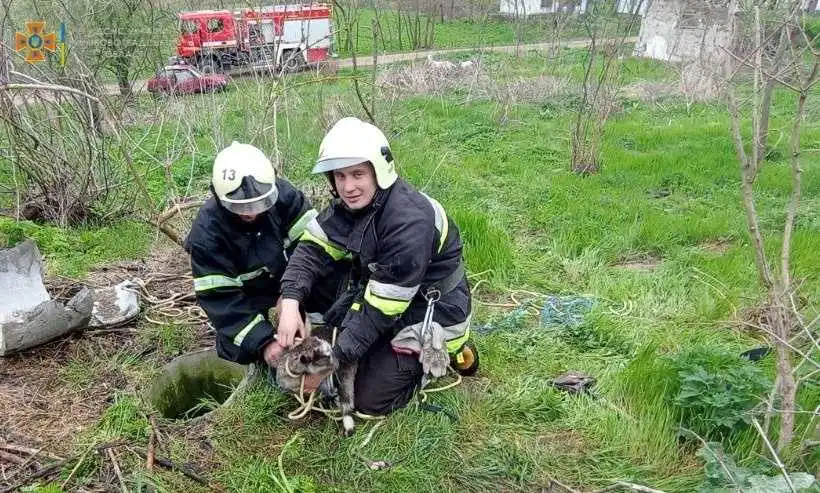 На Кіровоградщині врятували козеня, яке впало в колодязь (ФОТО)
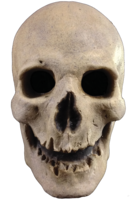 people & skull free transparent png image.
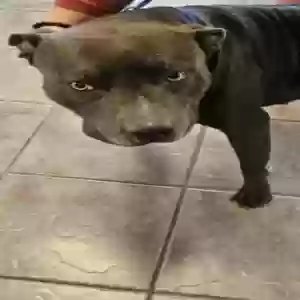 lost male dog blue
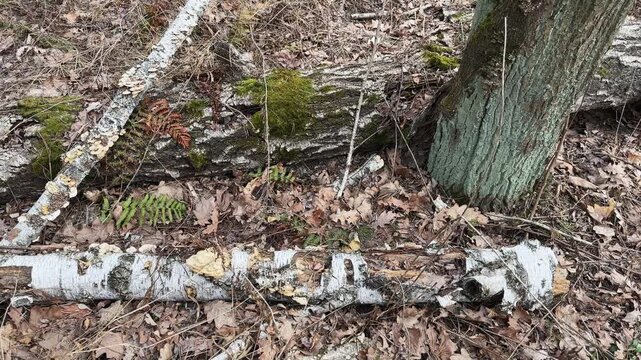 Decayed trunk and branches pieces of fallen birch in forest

* Description of the task *
Return the lines of the data above in full and exactly, with no pictures.

* The answer *
 На Кіровоградщині врятували козеня, яке впало в колодязь (ФОТО)
 people & skull free transparent png image.
 lost male dog blue
 Decayed trunk and branches pieces of fallen birch in forest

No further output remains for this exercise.